Blog: growth in NHS agency workers and reduction in Lifetime Allowance

By John Deacon The Lifetime Allowance (LTA) is scheduled to reduce to £1m in April 2016. This was a Labour party aim too, so I suspect we will not see this change if there is a new government.
Health services

The unintended consequences of a reduction in the LTA are that senior employees throughout UK plc will give serious thought to their continued membership of company pension schemes. They may well not wish to face a 55 per cent tax charge on accumulated retirement benefits greater than £1m. It is unlikely that this same group will simply accept the loss of further pension accrual without compensation from their employer in the form of extra salary, especially when there may well exist a route by which they can significantly increase their earnings, and with this increase go about funding through various savings vehicles, such as individual savings accounts (ISAs), the gap in their retirement income needs.

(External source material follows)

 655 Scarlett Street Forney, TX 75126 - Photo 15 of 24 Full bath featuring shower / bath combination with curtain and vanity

Andy Burnham, the shadow secretary of state for health, was recently on the Today programme discussing the state of affairs with the financing of the NHS, specifically the subject of agency workers. Apparently, the growth of recruitment from this source is considerable and is detrimental to NHS finances. His stated objective is to try and reduce the dependency on agency workers and thus help to reduce costs for the NHS. With the reduction in the LTA effective from April 2016, is this not a forlorn hope?

I would not be surprised, with the LTA falling to £1m, to see large numbers of employed staff aged 55 or over leaving/retiring from the NHS when they realise they can avoid and/or reduce their exposure to the 55 per cent tax charge by doing so. It is likely that at £1.25m for the remainder of the 2015–16 tax year, a number will seek to retire pre-April 2016, with this trend merely continuing into the years ahead.

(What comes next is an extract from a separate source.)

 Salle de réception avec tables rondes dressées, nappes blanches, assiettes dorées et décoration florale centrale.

However, let us suppose that the NHS can’t afford to lose these highly skilled, experienced and long-serving employees (which might seem a statement of the obvious) and, in turn, these same doctors, consultants and nurses don’t in fact want to give up their employment and reach for their slippers at age 55. What’s to be done? Market economics suggest it is unlikely that this group will simply resign their pension scheme membership and thus accept a lower benefit package; rather they will leave and seek re-employment via agencies where pension membership is not a material element of the package, but where this same package is significantly greater than that which was paid as an NHS employee. Andy Burnham’s attempts to reduce the cost and dependency on agencies will, I suggest, be hampered by the lower LTA resulting in the most experienced and valued NHS employees leaving direct employment and realising a higher pay packet, at tax payers’ expense, via agencies.

As the government seeks to increase its tax take (yet another raid on the pensions piggy bank) by targeting employees with pension funds valued at more than £1m, a level that will affect a growing number of middle-income earners, as tax payers, we will in fact end up funding increased costs of employment within the NHS. Indeed, this same scenario can be played out in any number of public sector organisations. Is this good value for the tax payer?